METHOD OF FORMING A CAST ALUMINIUM ALLOY

Abstract

AlSiMg castings to provide enhanced mechanical properties for structural applications comprising (1) alloy optimisation with 8.5 to 12.5 wt. % Si, 0.46 to 1.0 wt. % Mg, 0.1 to 0.2 wt. % Ti, 0.05 to 0.25 wt. % Mn, 0.01 to 0.02 wt. % Sr, 0.004 to 0.1 wt. % B and other impurity elements of Cu, Fe, Zn each less than 0.15 wt. % and the balance of Al; (2) optimised melt treatment with appropriate melting, modification, degassing and grain refining; (3) appropriate type of grain refiner with optimised amount and method to add into the aluminium melt, and (4) optimised heat treatment process. When being utilized to make shape aluminium alloy castings with gravity casting process, the castings have been achieved the 0.2% offset yield strength of greater than 310 MPa, the ultimate tensile strength of greater than 365 MPa and the elongation of greater than 10%.

Claims

1.-11. (canceled)

12. An aluminium alloy comprising: From about 8.5 to about 12.5 wt. % Si; from about 0.46 to about 1.0 wt. % Mg; from about 0.1 to about 0.2 wt. % Ti; from about 0.05 to about 0.25 wt. % Mn; and less than about 0.05 wt. % Sn; the balance being Al and incidental impurities.

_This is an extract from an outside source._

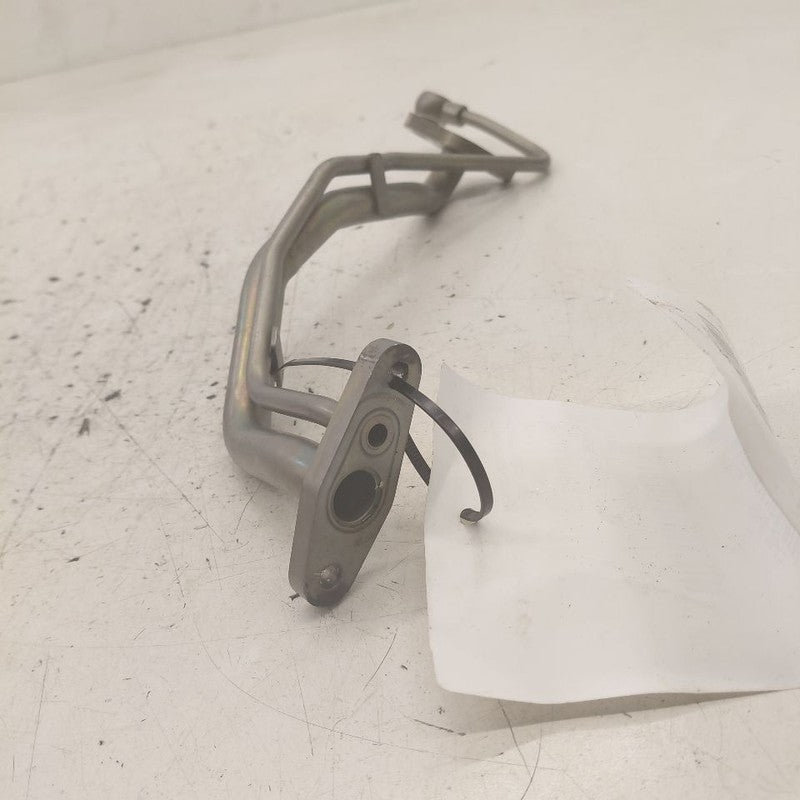 Lexus NX350 Super Turbo Charger Oil Line Hose Tube 2.4 2022 2023 2024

13. An aluminium alloy as claimed in claim 12, further comprising: grain refining additions of Ti, TiB2, AlB2, B, Be, Zr, Y, V, Nb, singly or in combination with one another in the range from about 0.001 to about 1.0 wt. %; Na and Sr, singly or in combination, in the range of from about 0.001 to about 0.10 wt. %; and P in the range from about 0.01 to about 0.30 wt. %.

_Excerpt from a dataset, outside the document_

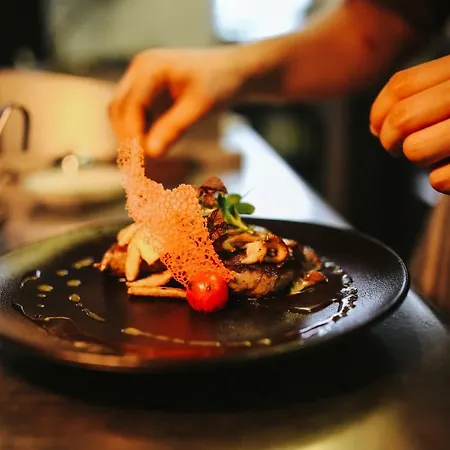 & Restaurant Adler 3* Hornberg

14. A method of forming a cast aluminium alloy, comprising the steps of: (i) providing an aluminium alloy comprising from about 8.5 to about 12.5 wt. % Si, from about 0.46 to about 1.0 wt. % Mg, up to about 0.2 wt. % Ti, from about 0.05 to about 0.25 wt. % Mn, from about 0.002 to about 0.04 wt. % Sr, from about 0.001 to about 0.1 wt. % B and other impurity elements of Cu, Fe, Zn, each at less than about 0.15 wt. % with the balance being Al and incidental impurities; (ii) melting the alloy to yield an alloy melt; (iii) degassing the alloy melt by introducing into the alloy melt a gas comprising at least one of nitrogen, argon, or chlorine, or a mixture thereof to reduce dissolved hydrogen in the melt to a level of less than about 0.7 mL/100 g alloy melt; (iv) cleaning the alloy melt by adding about 25% Na2SiF6 and 75% C.sub.2Cl.sub.6 refining agents in an amount from about 0.01 to about 0.8 wt. %; (v) adding a grain refiner in the form of a TiB-containing master alloy, a B-containing master alloy, or an AlB master alloy with a boron content up to about 0.1 wt. % B, to yield an alloy having a eutectic silicon phase; (vi) refining and modifying the eutectic silicon phase by adding from about 0.002 to about 0.04 wt. % Sr in the form of an AlSr master alloy; (vii) carrying out a solution heat treatment at a temperature from about 520 C. to about 545 C. for a time from about 2 h to about 12 h; and (viii) carrying out an ageing heat treatment at a temperature from about 170 C. to about 200 C. for a time from about 2 h to about 8 h.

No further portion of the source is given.